Your objective
What the task requires is an exact printout of the listing below, pictures excluded.

Available data
--- START ---
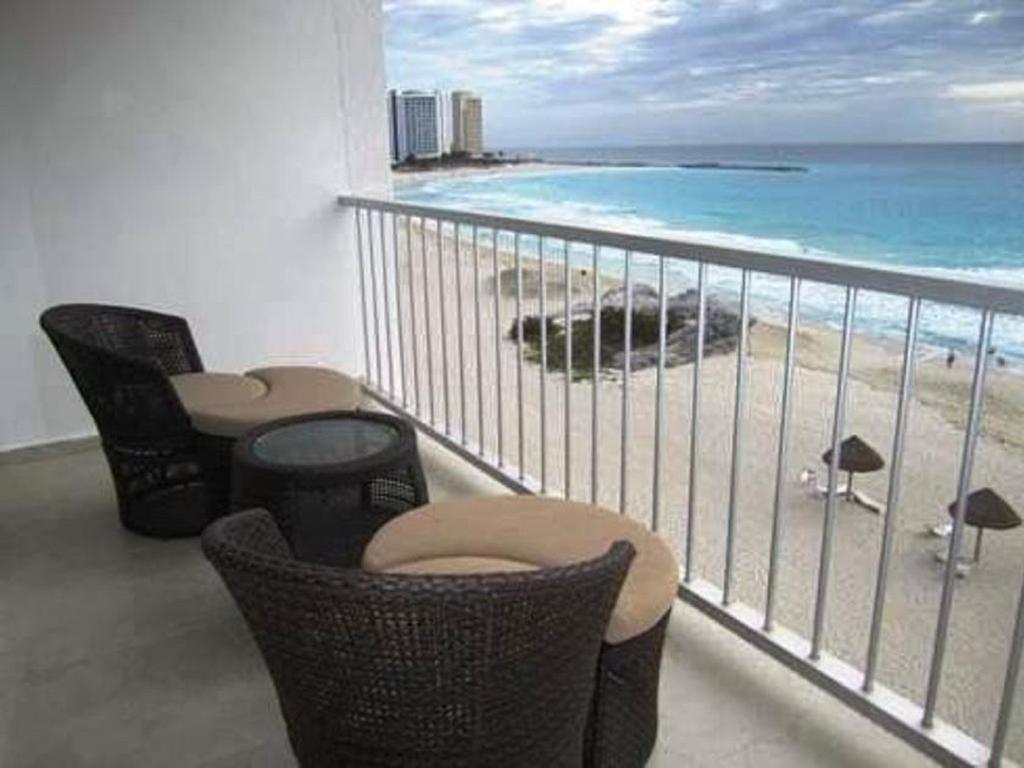 Beachfront Studio Carisa Y Palma Apartment Cancun Phòng bức ảnh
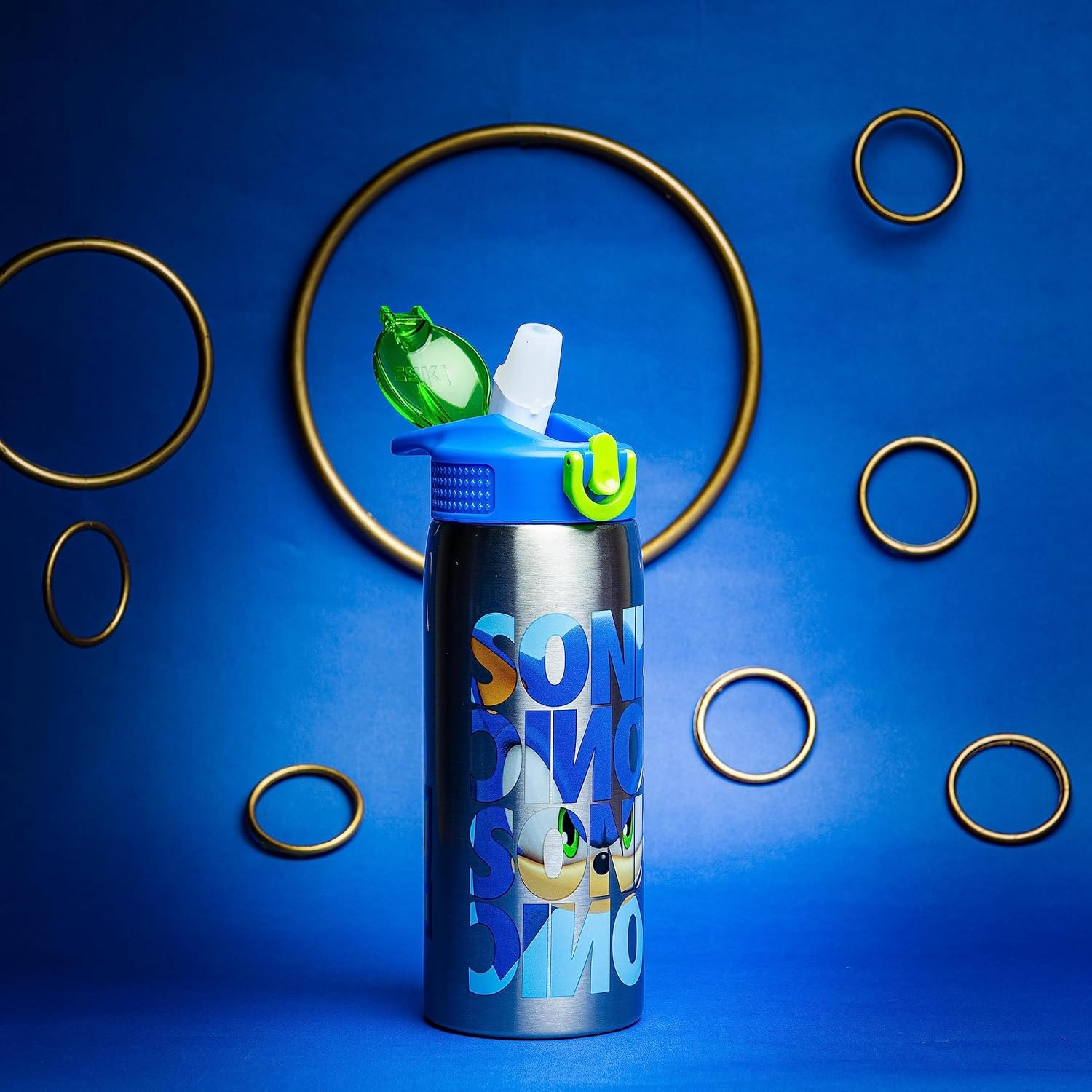 Zak Designs Sonic the Hedgehog Water Bottle for Travel and at Home, 19 Oz Vacuum Insulated Stainless Steel with Locking Spout Cover, Built-In Carrying Loop, Leak-Proof Design (Sonic) image number 4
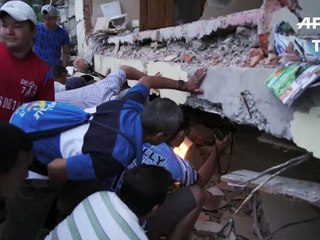 Séisme en Equateur: au moins 272 morts, chiffre encore provisoire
--- END ---
Exercise answer
 Beachfront Studio Carisa Y Palma Apartment Cancun Phòng bức ảnh
 Zak Designs Sonic the Hedgehog Water Bottle for Travel and at Home, 19 Oz Vacuum Insulated Stainless Steel with Locking Spout Cover, Built-In Carrying Loop, Leak-Proof Design (Sonic) image number 4
 Séisme en Equateur: au moins 272 morts, chiffre encore provisoire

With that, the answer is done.